Note

The following documentation closely follows a paper by Gatev et al. (2006): Pairs trading: Performance of a relative-value arbitrage rule.

As well as a paper by Christopher Krauss (2015): Statistical arbitrage pairs trading strategies: Review and outlook.

Distance Approach


The distance approach was introduced in the paper by Gatev et al. (2006), and it is one of the most cited pairs trading papers at the time of writing this documentation. The approach described in the paper is the following: First, a historical period is defined, cumulative returns for assets in this period are normalized. Second, using the Euclidean squared distance on the normalized price time series, \(n\) closest pairs of assets are picked. In the original work, the historical period used to quantify distances between price series was set to 12 months, and 20 top pairs were chosen.

So no cointegration tests (as opposed to the mean reversion approach) are being performed in the distance approach. As spotted in the work by Krauss (2015), dependencies found using this approach can be spurious. This also leads to higher divergence risks, and as shown in the work by Do and Faff (2010), up to 32% of pairs identified by this method are not converging.
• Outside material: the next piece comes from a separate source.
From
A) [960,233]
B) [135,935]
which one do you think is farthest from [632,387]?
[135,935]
After the pairs are formed, the trading period starts, and the trading signals are generated. The mechanism behind this process if the following: If the difference between the price of elements in a pair diverged by more than 2 standard deviations (calculated for each pair during the training period), the positions are opened - long for the element with a lower price in a portfolio and short for an element with a higher price in a portfolio. These positions are closed when the normalized prices cross or when the trading period ends. Using this standard description, the distance approach is a parameter-free strategy.

There are, however, possible adjustments to this strategy, like choosing distances other from the Euclidean square distance, adjusting the threshold to enter a trade for each pair, etc.

Pairs Formation

This stage of the DistanceStrategy consists of the following steps:

  1. Normalization of the input data.

To use the Euclidean square distance, the training price time series are being normalized using the following formula:

\[P_{normalized} = \frac{P - min(P)}{max(P) - min(P)}\]
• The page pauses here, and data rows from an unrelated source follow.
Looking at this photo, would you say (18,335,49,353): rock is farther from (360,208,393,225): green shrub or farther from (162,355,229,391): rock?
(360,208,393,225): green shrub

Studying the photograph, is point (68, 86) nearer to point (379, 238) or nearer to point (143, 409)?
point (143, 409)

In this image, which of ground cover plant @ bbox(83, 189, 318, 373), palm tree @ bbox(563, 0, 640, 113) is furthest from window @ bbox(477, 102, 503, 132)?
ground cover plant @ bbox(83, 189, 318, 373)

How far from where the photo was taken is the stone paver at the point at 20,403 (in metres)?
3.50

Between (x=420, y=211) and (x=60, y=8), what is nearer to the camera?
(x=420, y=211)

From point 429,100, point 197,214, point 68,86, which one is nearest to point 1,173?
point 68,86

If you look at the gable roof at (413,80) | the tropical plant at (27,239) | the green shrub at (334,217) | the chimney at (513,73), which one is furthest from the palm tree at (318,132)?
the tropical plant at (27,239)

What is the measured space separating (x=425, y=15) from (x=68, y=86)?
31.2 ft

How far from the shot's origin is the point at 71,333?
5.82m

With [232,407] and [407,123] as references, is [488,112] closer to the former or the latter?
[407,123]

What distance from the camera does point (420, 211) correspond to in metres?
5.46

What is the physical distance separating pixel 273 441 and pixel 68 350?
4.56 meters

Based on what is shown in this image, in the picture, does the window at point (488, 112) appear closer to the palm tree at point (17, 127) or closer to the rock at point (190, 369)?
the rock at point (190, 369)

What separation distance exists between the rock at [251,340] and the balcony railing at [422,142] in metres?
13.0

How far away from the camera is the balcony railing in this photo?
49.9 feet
where \(P\) is the training price series of an asset, \(min(P)\) and \(max(P)\) are the minimum and maximum values from the price series.

  1. Finding pairs.

Using the normalized price series, the distances between each pair of assets are calculated. These distances are then sorted in the ascending order and the \(n\) closest pairs are picked (our function also allows skipping a number of first pairs, so one can choose pairs 10-15 to study).

The distances between elements (Euclidean square distance - SSD) are calculated as:

\[SSD = \sum^{N}_{t=1} (P^1_t - P^2_t)^{2}\]
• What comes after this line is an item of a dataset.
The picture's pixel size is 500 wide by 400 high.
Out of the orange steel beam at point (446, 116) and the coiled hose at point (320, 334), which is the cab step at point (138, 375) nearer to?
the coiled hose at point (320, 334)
where \(P^1_t\) and \(P^2_t\) are normalized prices at time \(t\) for the first and the second elements in a pair.

Using the prices of elements in a pair a portfolio is being constructed - the difference between their normalized prices.

  1. Calculating historical volatility.

For \(n\) portfolios (differences between normalized price series of elements) calculated in the previous step, their volatility is being calculated. Historical standard deviations of these portfolios will later be used to generate trading signals.

../_images/distance_approach_pair.png

An example of two normalized price series of assets that have low Euclidean square distance. These assets can be used to construct a portfolio.

../_images/distance_approach_portfolio.png

Portfolio value (difference of normalized price series), constructed from a pair of elements from the previous example.

Pair selection criteria

As basic pairs formation confirms declining profitability in pairs trading, some other refined pair selection criteria have emerged. Here, we describe three different methods from the basic approach in selecting pairs for trading.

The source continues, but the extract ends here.